*Records for this task:*
*** Block opens ***
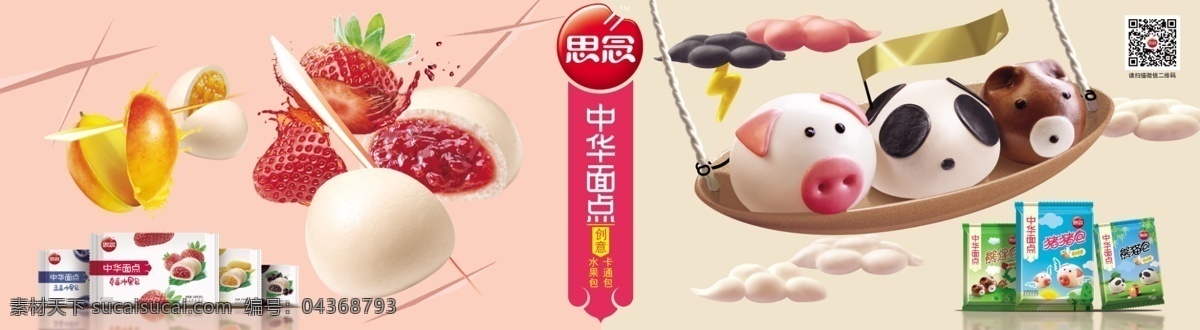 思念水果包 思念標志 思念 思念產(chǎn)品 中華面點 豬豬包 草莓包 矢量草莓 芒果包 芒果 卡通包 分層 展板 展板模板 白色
*** Block closes ***
*** Block opens ***
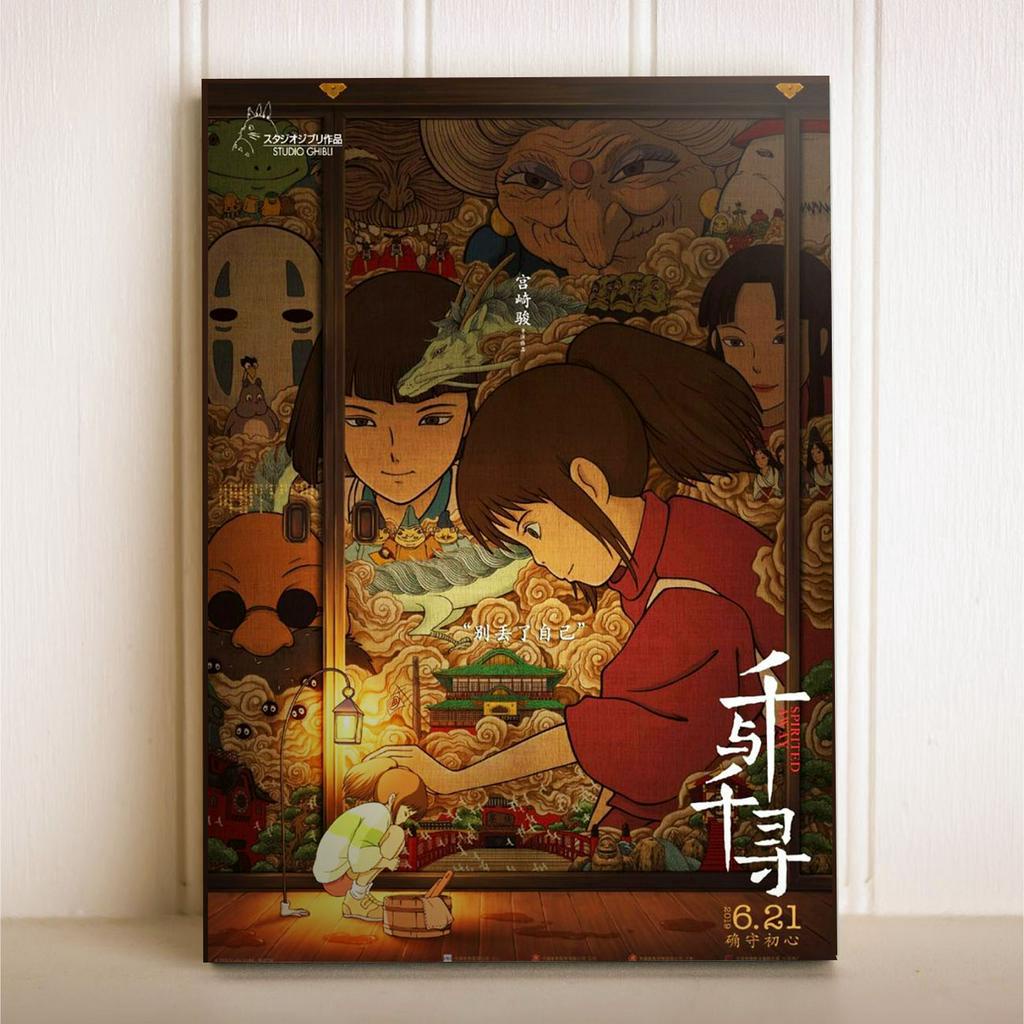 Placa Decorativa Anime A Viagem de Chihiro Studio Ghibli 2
*** Block closes ***
*** Block opens ***
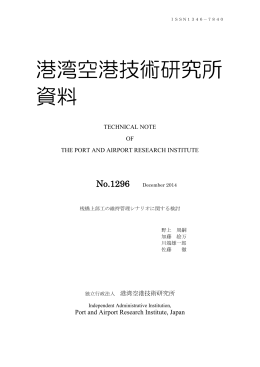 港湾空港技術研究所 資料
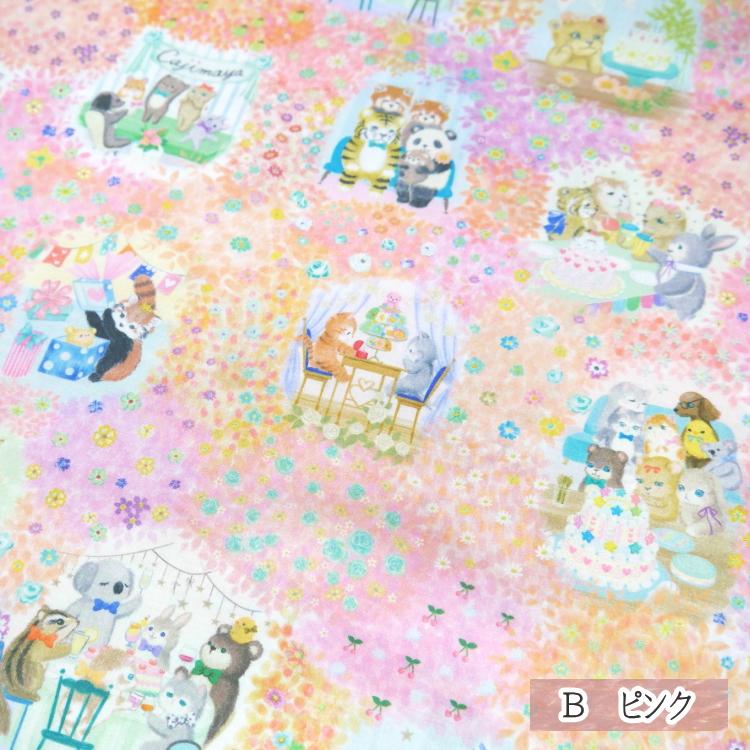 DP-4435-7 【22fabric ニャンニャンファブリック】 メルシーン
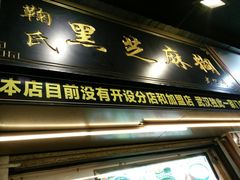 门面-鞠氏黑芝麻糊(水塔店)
*** Block closes ***
*What is required:*
Repeat exactly, and only, the entries from the line with "港湾空港技術研究所 資料" through the line with "门面-鞠氏黑芝麻糊(水塔店)". Pictures are skipped.

*Response to this exercise:*
 港湾空港技術研究所 資料
 DP-4435-7 【22fabric ニャンニャンファブリック】 メルシーン
 门面-鞠氏黑芝麻糊(水塔店)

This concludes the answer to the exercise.